Plot Diagram
Exposition to resolution arc, blank.
A plot diagram is a blank graphic organizer shaped like a narrative arc — a triangle or mountain curve — that maps the five structural stages of a story: Exposition, Rising Action, Climax, Falling Action, and Resolution. Students label and annotate each stage as they analyze how a plot builds and releases tension, making story structure tangible and visual. Used in grades 4–8, the template bridges reading comprehension and literary analysis. English language arts teachers assign it after reading short stories, novels, or plays to reinforce Freytag's pyramid vocabulary. It also works as a pre-writing scaffold: students sketch their own plot arc before drafting a piece of creative fiction, ensuring their story has deliberate pacing and a satisfying resolution rather than trailing off without purpose.
Learning objectives
- Identify and label the five stages of plot structure in a narrative text
- Analyze how rising action events build tension toward the climax
- Distinguish the climax from surrounding events based on narrative tension
- Trace how conflict is resolved through falling action and resolution
- Use the arc as a pre-writing scaffold to plan original fiction with deliberate structure
- Apply literary analysis vocabulary (exposition, climax, resolution) in written and oral responses
How to use this template
- Download and print the blank plot diagram on letter or A4 paper.
- Write the title and author of the story, novel, or play at the top.
- Starting at the left base of the arc, fill in the Exposition section with background information — characters, setting, and the situation before the main conflict begins.
- Plot 3–5 Rising Action events along the ascending slope, noting how each escalates tension.
- Mark the Climax at the peak, then complete Falling Action events on the descending slope, finishing with the Resolution at the right base.
Classroom & home ideas
- Novel study anchor: Students complete one plot diagram per novel read during a unit, then compare diagrams to discuss how different authors structure tension differently.
- Short-story analysis: After reading a short story in class, pairs fill in the diagram together and present their Climax choice to the class, debating which moment truly represents the turning point.

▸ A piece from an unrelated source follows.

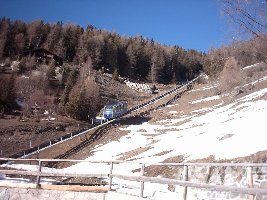 Die schon oben gezeigt Standseilbahn kurz nach der Stationsausfahrt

- Film analysis: Apply to a film the class watches — students annotate the diagram with timestamps for each stage, building media-literacy skills alongside literary ones.
- Creative writing planner: Before drafting a short story, students fill in the arc with planned events, ensuring their narrative has a clear climax and deliberate resolution.
- Test-prep review: Use a completed plot diagram as a study guide for comprehension questions; students scan the arc rather than re-reading the entire text.
Skills & curriculum links
Frequently asked questions
What grade level is the plot diagram best suited for?
Grades 4–8 is the target range. Fourth graders benefit from teacher modeling and guided completion; by grade 6, most students can complete the arc independently for novels and short stories.
How is the plot diagram different from the story mountain template?
Both map narrative arc, but the plot diagram uses Freytag's five formal literary terms (Exposition, Rising Action, Climax, Falling Action, Resolution) and is angled toward literary analysis. The story mountain uses student-friendly language and a visual mountain shape suited to earlier grades.
Can I use this template for non-fiction narrative texts?
Yes — narrative non-fiction (memoirs, true-adventure accounts) follows a similar arc. Label Exposition as the background context and Climax as the decisive moment. Some stages may be shorter or less defined than in fiction.
How many rising action events should students record?
Three to five events is a practical range. More than five can clutter the slope; fewer than three may mean students aren't tracking the full build of tension. Quality of annotation matters more than quantity.